– 45 children catered for
Eight residents of One Mile, Wismar and neighbouring communities of Linden are to be employed at the recently commissioned Early Childhood Development Centre.
The centre is one of six early childhood pilot projects co-funded by the Caribbean Development Bank (CDB) and the Government and implemented by Basic Needs Trust Fund (BNTF). It will provide care and educational services to 45 children under the age of five.
Finance Minister, Winston Jordan, in brief remarks at the commissioning, said the facility will be of immense value to the community, making it possible for parents, especially mothers to seek employment and increase their household incomes.

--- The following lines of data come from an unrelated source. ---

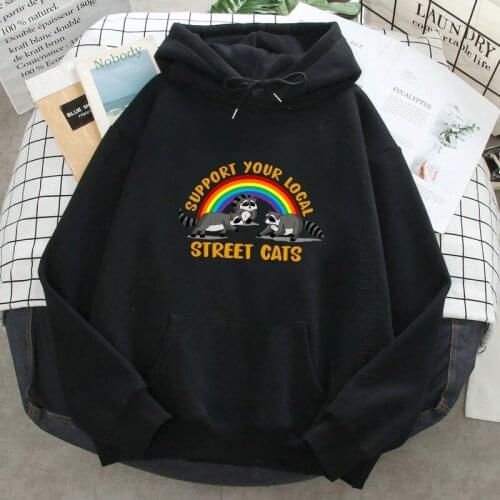 Man Hoodies Support Your Local Street Cats Print Hooded Tops Streetwear Mens Autumn Warm Daily Casual Sweatshirt Hoody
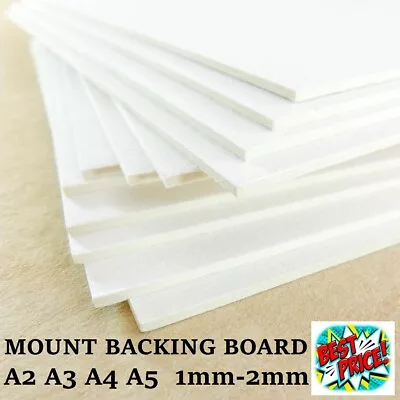 A4 A3 A2 Greyboard 1mm 1.5 2mm Micron Craft Card Thick Mount Board Frame Backing • £5.79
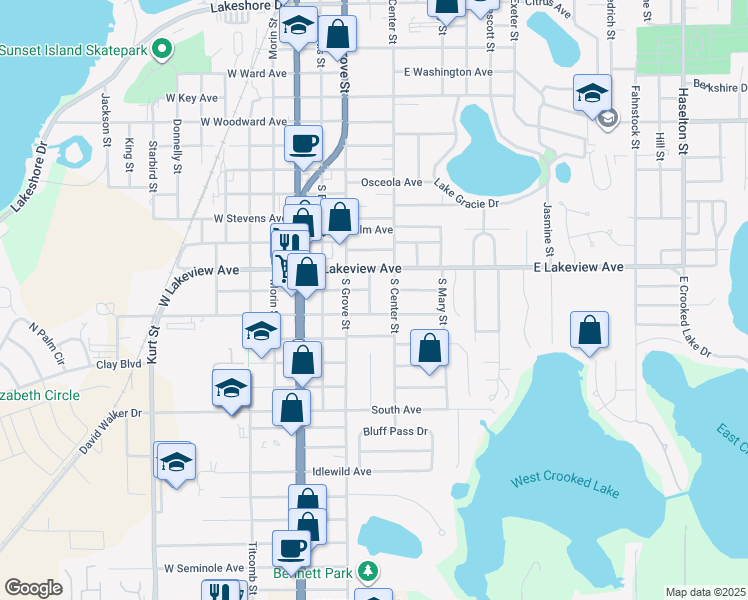 map of restaurants, bars, coffee shops, grocery stores, and more near 1303 South Dewey Street in Eustis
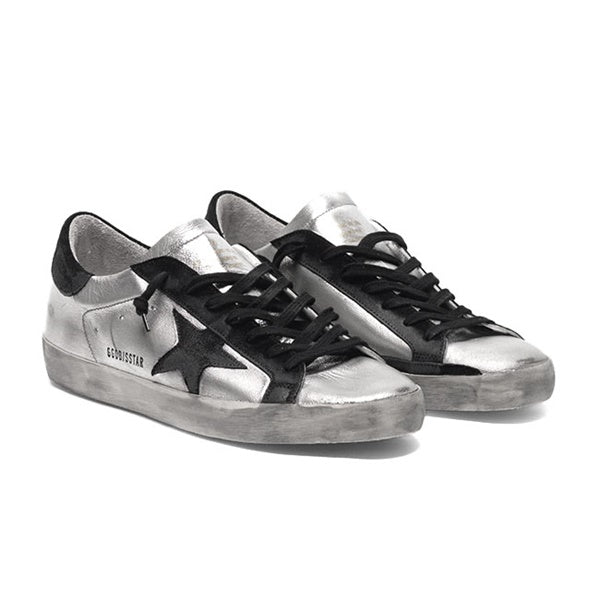 Golden Goose ゴールデングース スーパースター シルバーメタリック レザースニーカー GMF00101.F000312.60246
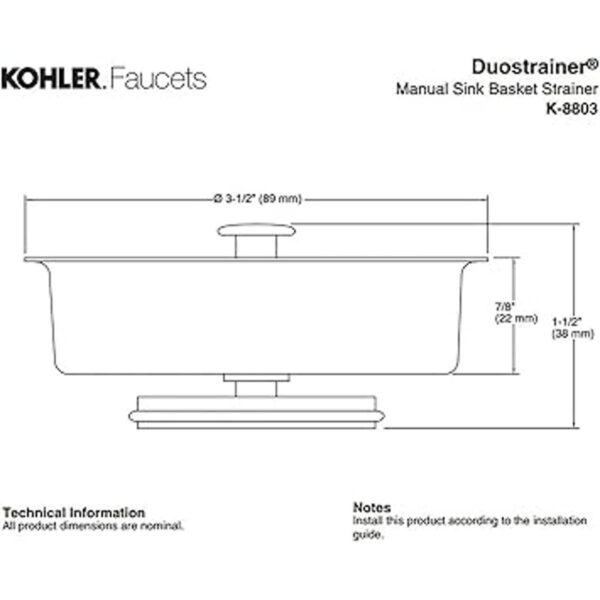 Filtro de cesta Kohler Duostrainer 8803CP_6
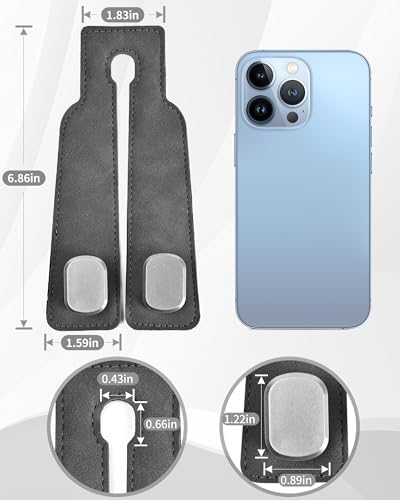 Headrest Hooks for Car, 4 Pack Car Seat Back Organizer Storage Hook, Double Hook Car Seat Hooks for Hanger Purses and Bags, Leather Purse Holder for Car, Grey - Image 6
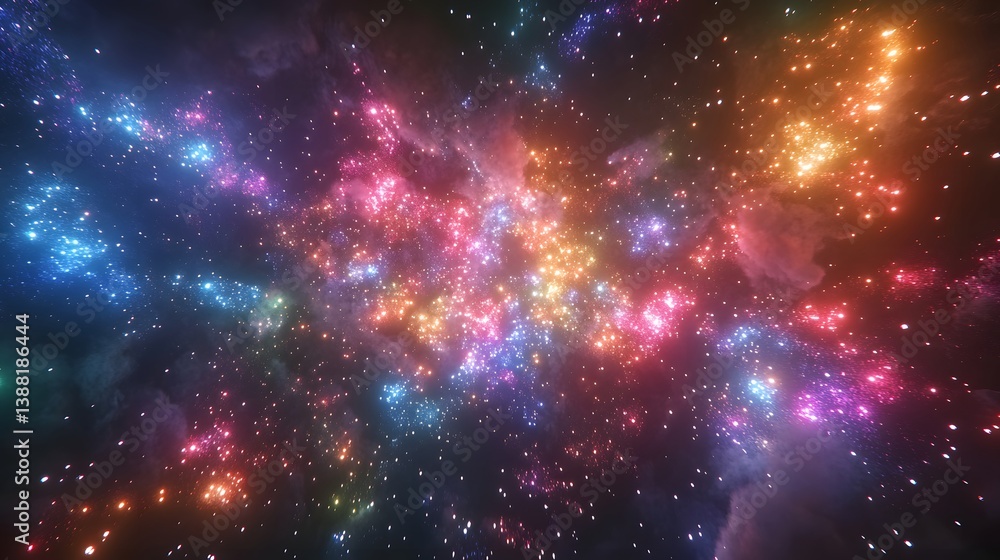 Fototapeta premium A dazzling array of sparkling fireworks in a clear night sky with vibrant colors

“The good life that we have talked and on which we successfully campaigned to become the government is not an esoteric story; its real and it’s not only for big people or matured people it’s for everybody and the little children can also enjoy the good life in the context of a good environment in which they can learn. I think in this simple project we can put parents’ minds at ease. They are assured that their children are in an environment that allows them to learn, develop their motor and other skills while their parents are free to do seek out training or job opportunities and make themselves productive citizens.”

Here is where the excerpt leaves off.